Sangkyun Cho ’13, a ChemBE major, had convinced friends Victor Oh ’12 (current master’s student) and Jay Choi ’14, majoring in applied mathematics and statistics, to sign up for the course together last spring. Fast-forward to October, and the student team found themselves winning second place in a field of 174 universities, bringing home $15,000 for themselves, Schoenberger, and Johns Hopkins.

“Knowing that as a student your ideas could make an impact was a great experience,” Cho says. “It gave me more confidence.”

When they first got the assignment, the team bounced around some ideas. Cars? Renewable energy? Cho called a friend who had grown up in Kenya and Uganda. What kinds of products did those countries need? The answer surprised them: school supplies.

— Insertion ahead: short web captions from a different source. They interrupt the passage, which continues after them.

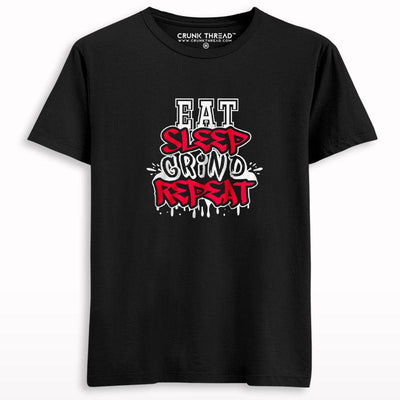 Eat sleep grind repeat T-shirt - Crunk Thread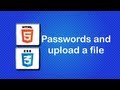 HTML5 and CSS3 Beginner Tutorial 45 -  passwords and upload a file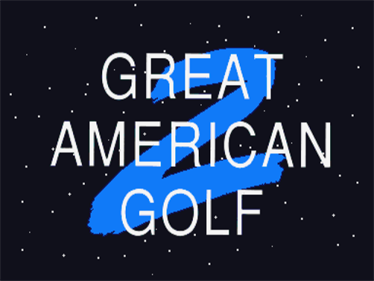 Great American Golf 2 - Screenshot - Game Title Image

It made sense, though. Education is essential, and without supplies, kids can’t do schoolwork. The team decided to focus on the most basic item of all: paper. The challenge was to make it sustainable, affordable, and a good fit for Ethiopia, their chosen location. Weeks of research and discussion later, they settled on a device that combines traditional paper making processes with modern materials science, relying on agricultural waste for both fuel and raw material. They named it Pegasus: Paper for Education, Growth, and Sustainability.

Their design for Pegasus calls for a three-part, stainless steel cylinder, about 4 feet high and 2 feet in diameter, weighing about 66 pounds. Rice husks go in the top section, which grinds them like a pepper mill, and fall into the middle stage, where they get mixed with water into a pulp. In the final stage, the pulp is spread onto a drying rack.

Schoenberger, a professor of geography and environmental engineering, says she was deeply impressed by the team’s commitment to service, the way they tailored the design for its destination, and their technical insight. Pegasus was the only project in her class to enter the Odebrecht competition, which was held in the U.S. for the first time this year. The first-place team, from Rice University, designed a floating city to house offshore oil workers. “It’s an elegant machine,” Schoenberger says of the Hopkins student design. “I think any engineer could be proud of it.” For the Hopkins team members, there’s something else, too. Pegasus helped them learn things that had never come up in their other courses, which have focused on abstractions and advanced technology. Through the experience of creating such a practical design, they say, they were able to make the connection between their academic work and the kind of service they imagine devoting their lives to. “The course was one of the best in undergrad because it tied together everything I want to do in the future,” says Oh.

That future, the team members say, is likely to include things like grad school, med school, and work with nongovernmental organizations. They are committed to taking Pegasus beyond the design stage and building a prototype. Schoenberger has already asked them to return to her class this spring as guest lecturers.